= Your goal =
Beginning with the first entry, restate the data word for word and leave out the images.

= Supplied material =
******************************

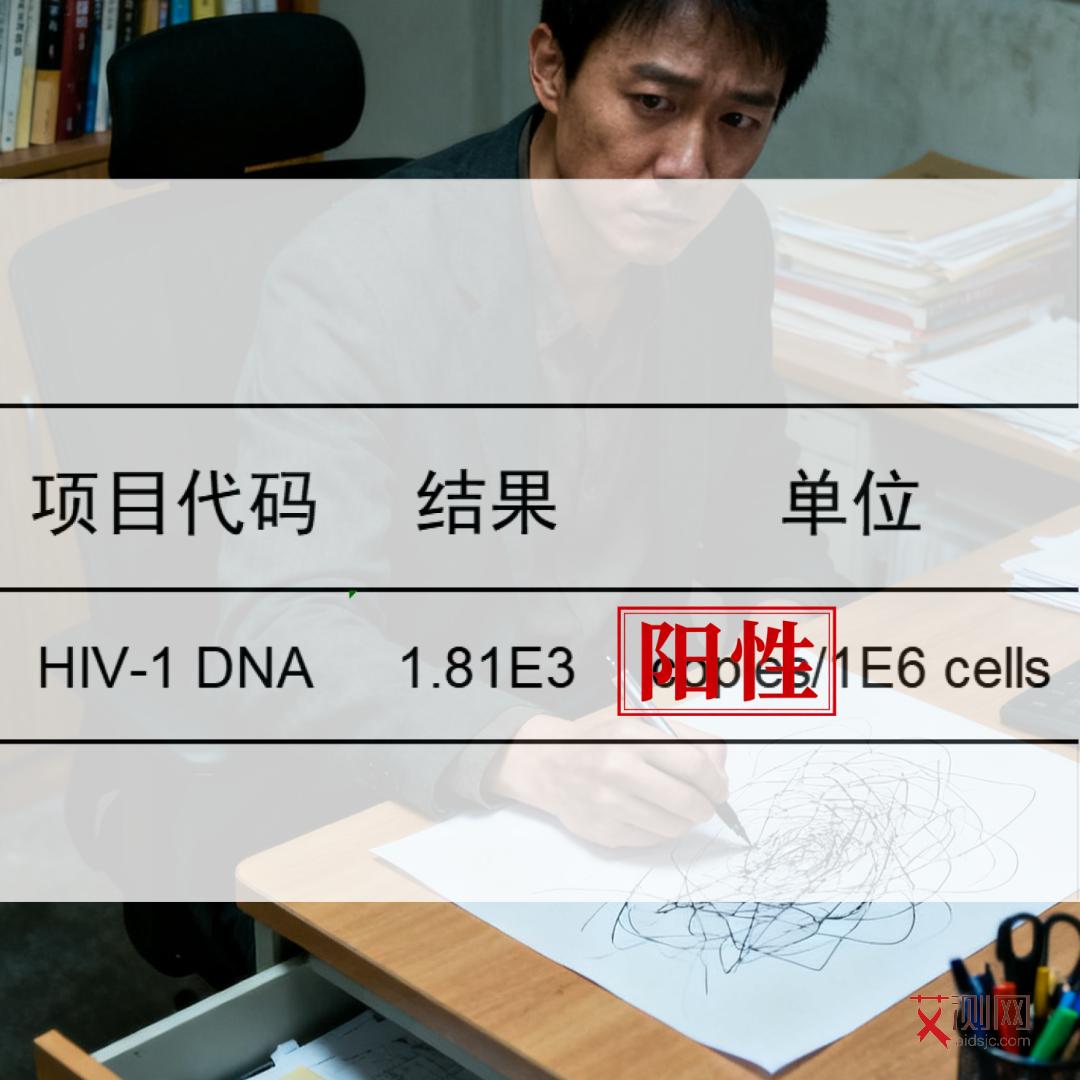 艾滋病红疹几天长满全身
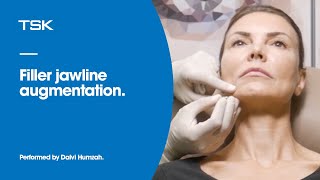 Filler jawline augmentation using cannula [upl. by Lorri]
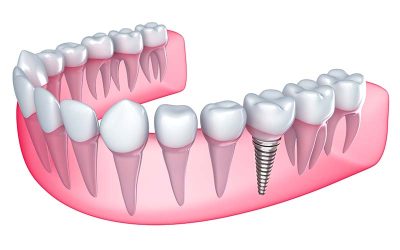 Dental Implants – The Pros and Cons
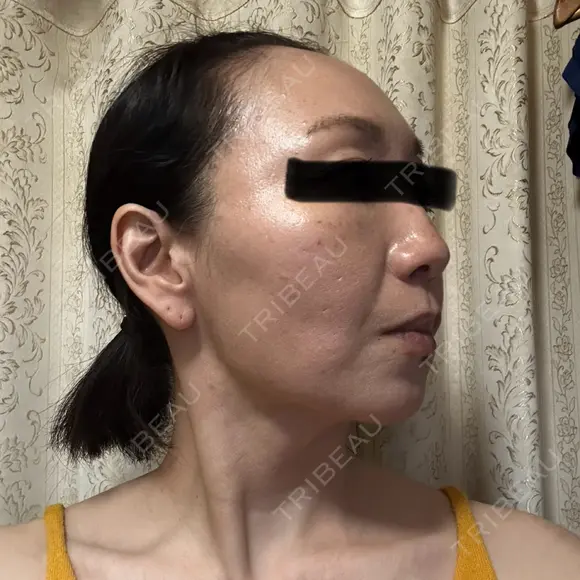 糸リフト / クマ治療 / 下まぶたの脂肪取り / 脂肪注入（肌） / こめかみ形成 / 脂肪注入（目の下） / ボトックス（あご） / ボトックス（首） 東京シンデレラ美容外科 池袋院 DAY 8 メイン用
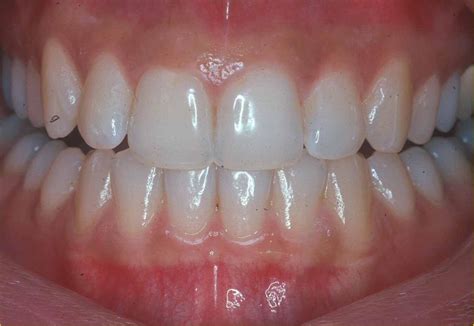 healthy  unhealthy gums  visual guide instafloss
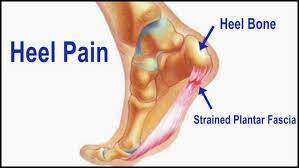 Kenapa tumit kaki sering sakit saat bangun tidur ? Punca Sakit Tumit Kaki Sakit Foot Care Penjagaan Kaki Facebook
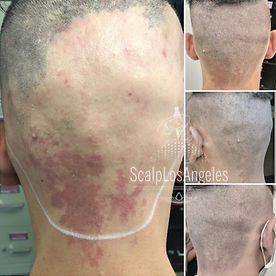 Alopecia Camouflage SMP Before And After Picture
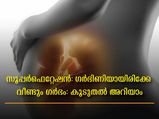 ഗര്‍ഭിണിയായിരിക്കേ വീണ്ടും ഗര്‍ഭിണിയായി: ഇരട്ടക്കുട്ടികള്‍ക്ക് ജന്മം നല്‍കി യുവതി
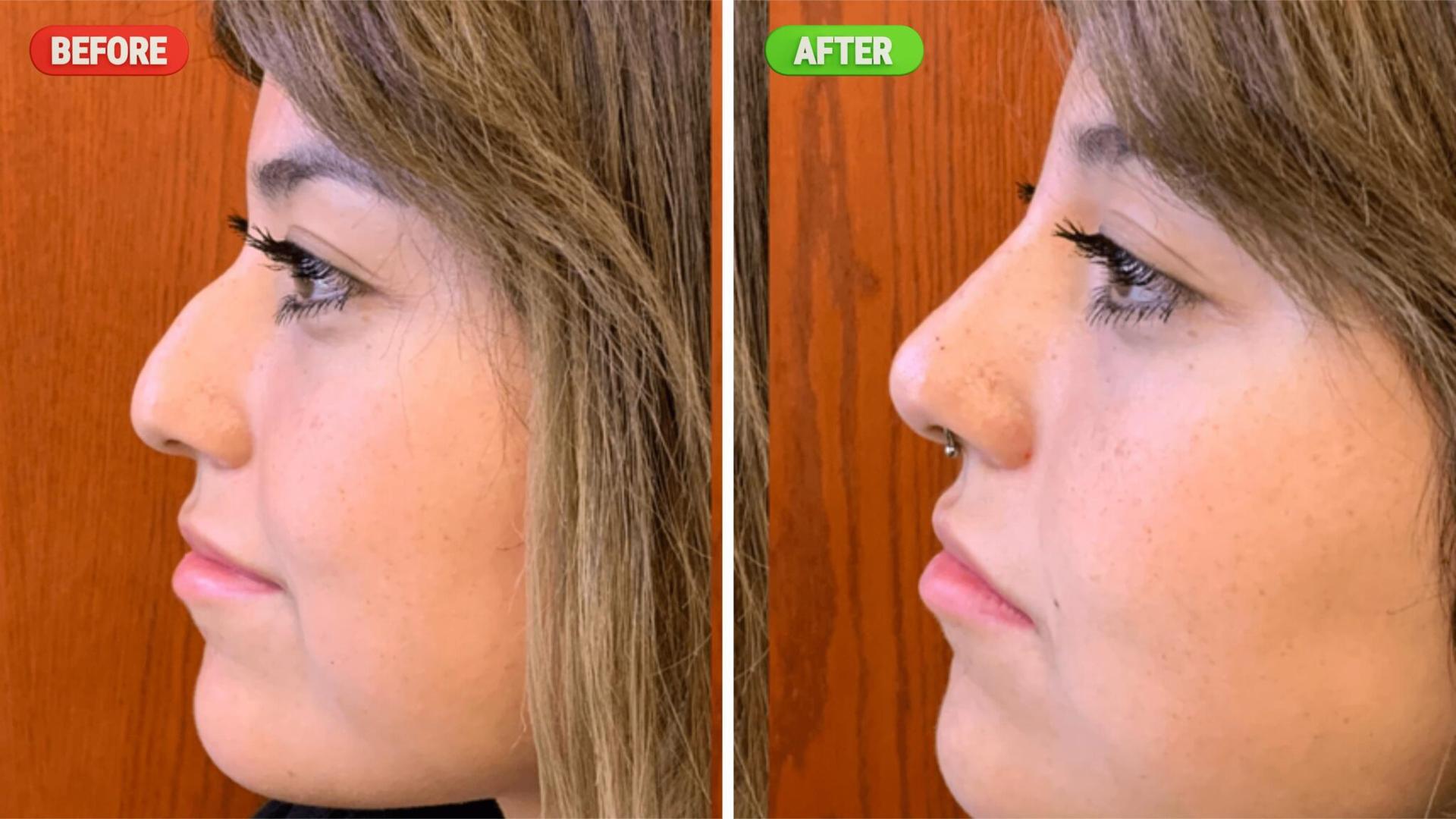 Liquid Nose Job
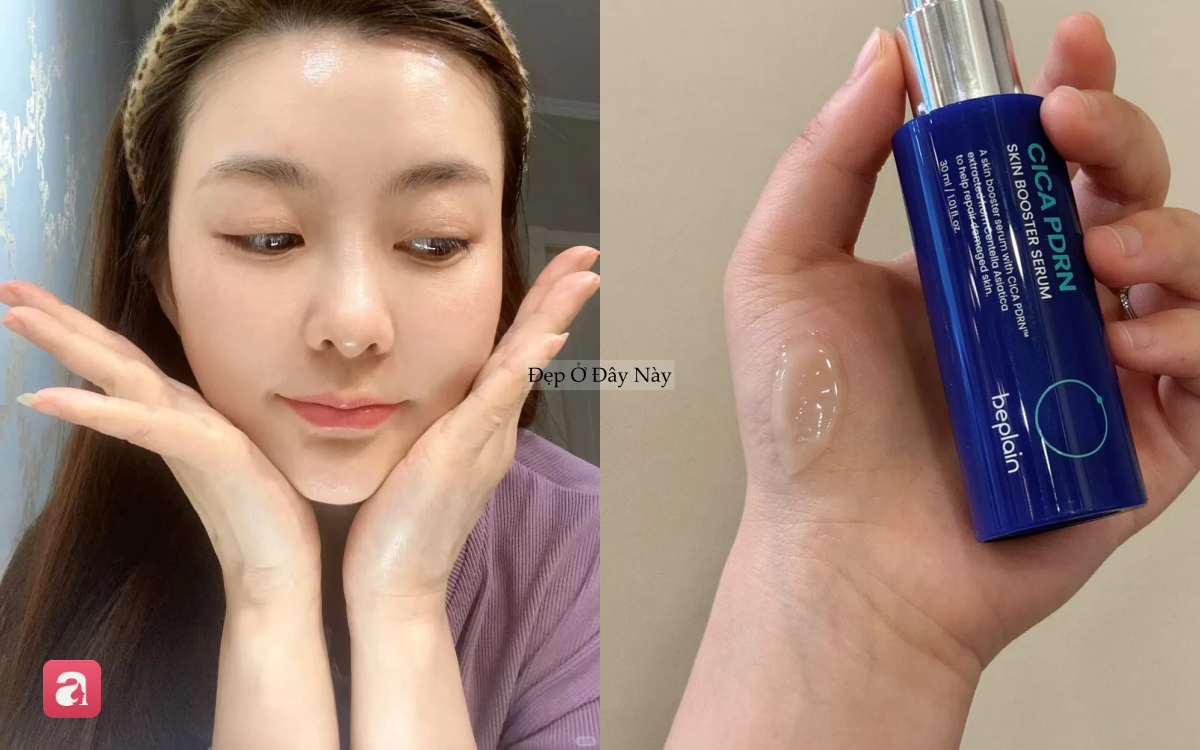 Đi ngủ sớm v&agrave; b&ocirc;i thứ n&agrave;y l&ecirc;n da mỗi tối, l&agrave;n da của t&ocirc;i sau 1 th&aacute;ng đ&atilde; thay đổi ho&agrave;n to&agrave;n- Ảnh 4.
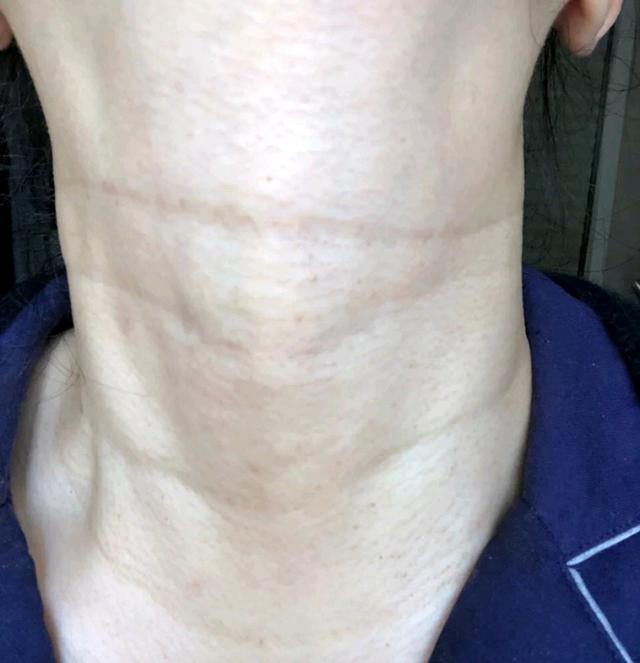 想拥有刘诗诗般的天鹅颈,刘诗诗谈天鹅颈怎样养成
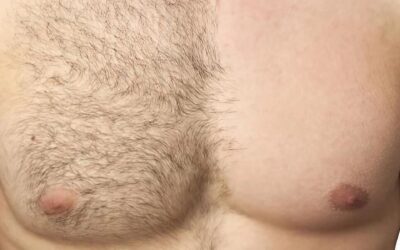 Cómo eliminar el vello corporal en hombres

******************************

= Solution =
 艾滋病红疹几天长满全身
 Filler jawline augmentation using cannula [upl. by Lorri]
 Dental Implants – The Pros and Cons
 糸リフト / クマ治療 / 下まぶたの脂肪取り / 脂肪注入（肌） / こめかみ形成 / 脂肪注入（目の下） / ボトックス（あご） / ボトックス（首） 東京シンデレラ美容外科 池袋院 DAY 8 メイン用
 healthy  unhealthy gums  visual guide instafloss
 Kenapa tumit kaki sering sakit saat bangun tidur ? Punca Sakit Tumit Kaki Sakit Foot Care Penjagaan Kaki Facebook
 Alopecia Camouflage SMP Before And After Picture
 ഗര്‍ഭിണിയായിരിക്കേ വീണ്ടും ഗര്‍ഭിണിയായി: ഇരട്ടക്കുട്ടികള്‍ക്ക് ജന്മം നല്‍കി യുവതി
 Liquid Nose Job
 Đi ngủ sớm v&agrave; b&ocirc;i thứ n&agrave;y l&ecirc;n da mỗi tối, l&agrave;n da của t&ocirc;i sau 1 th&aacute;ng đ&atilde; thay đổi ho&agrave;n to&agrave;n- Ảnh 4.
 想拥有刘诗诗般的天鹅颈,刘诗诗谈天鹅颈怎样养成
 Cómo eliminar el vello corporal en hombres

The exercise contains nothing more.